Siamo un po’ stretti io ed Elena nel nostro appartamento, ma è quello che finora mi sono potuto permettere. Faccio sempre l’architetto, la differenza è che lo faccio per lo studio di un altro. Il mio capo è una brav’uomo un po’ avanti con l’età, in ufficio gli portiamo molto rispetto e lui, d’altra parte, ci tratta come figli.
A proposito di figli, Elena dice che ne aspettiamo uno.
Pedala Lorenzo, pedala, pedala… voglio pedalare finché non avrò scardinato le leggi della gravità, e avrò fatto spuntare le ali di un jet a questa bici. Dio come vorrei essere altrove… Se percorressi a questa velocità tutta la via Appia, in quanto tempo potrei trovarmi a Brindisi?
Sfreccio accanto alla chiesa del “Domine quo vadis”. Sembra che proprio qui il devoto apostolo Pietro fosse stato colto da un umanissimo senso di paura tentando la fuga da Roma, e come dargli torto visto l’esito del suo martirio? A dissipare il dubbio però, ed infondere coraggio al fondatore della Chiesa, accorse lo stesso Gesù, a cui Pietro sorpreso pose la fatidica domanda: “Signore, dove vai?”. Sarà forse il luogo, così pregno di storia ed esempi, ad ispirare dissidi interiori e dubbi laceranti? Certo, non oso metter a paragone le situazioni… pedala, più veloce Lorenzo, pedala.
Ho già superato le Catacombe di San Sebastiano, di questo passo mi ritroverò fuori città in men che non si dica. Non mi sento pronto, tutto qui. Non so nemmeno che razza di futuro potrei offrire alla mia famiglia. Per non parlare del problema della casa. Soprattutto che genere di padre potrei essere se ancora mi sento una persona in costruzione?… Quo vadis Lorenzo?
Comincia a rinfrescare. Dall’altro lato della strada vedo scendere i ciclisti in direzione centro, mentre io continuo imperterrito la mia fuga da Roma e dalle responsabilità. Ho detto ad Elena che andavo a fare una passeggiata, lei se ne è rimasta calma sul divano sorseggiando un infuso. Che incredibile stoicismo dimostrano spesso le donne.

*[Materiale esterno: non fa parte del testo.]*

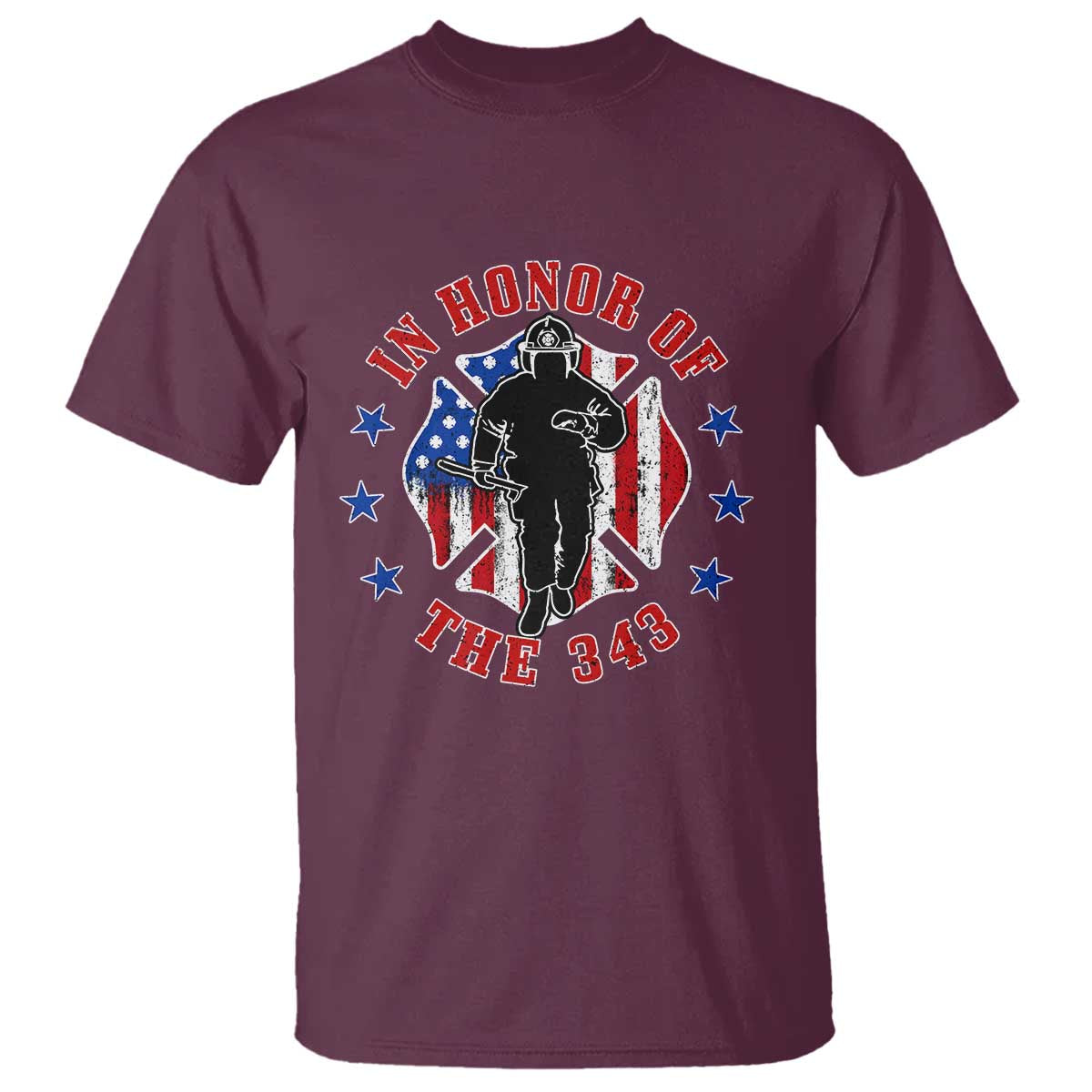 Firefighter Memorial In Honor Of The 343 Maltese Cross Graphic T Shirt Patriotic 9 11 Memorial Tribute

Eppure anche lei era turbata, la conosco troppo bene. Da oggi avrà pronunciato un paio di monosillabi in tutto. In lei però c’è la voglia di affrontare la sfida che sarà, voglia che io non riesco a condividere.
Vedo stagliarsi sulla mia traiettoria la sagoma di due figure: una alta e una più piccola, un uomo e un bambino. L’uomo stringe sotto il braccio un pallone da calcio, il bambino lo segue a cavallo di una bici verde e nera. Stringo tra le dita la leva del freno, sterzo dolcemente per evitare di travolgerli. Mi passano accanto, li sento ridere. Il bambino ha attaccato il gagliardetto della sua squadra al manubrio, con il padre sta commentando i risultati della partita. Esercito maggior pressione sulla leva del freno, rallento la mia corsa e anche il tempo sembra rallentare e scorrere al contrario. Mi arresto del tutto. Dove stai andando Lorenzo? Che idiota.
Rapido sterzo il manubrio ed inverto bruscamente la direzione. Sorrido e mi sento più leggero, pedalo con scioltezza… accolgo questa fluidità di movimento e la trasferisco nei pensieri. Filo via veloce e silenzioso, mentre su Roma si scioglie il cielo aranciato di un tramonto a cui affido le mie promesse di uomo adulto. Corro a casa prima che la luce si diradi, stasera voglio esser io a preparare la cena.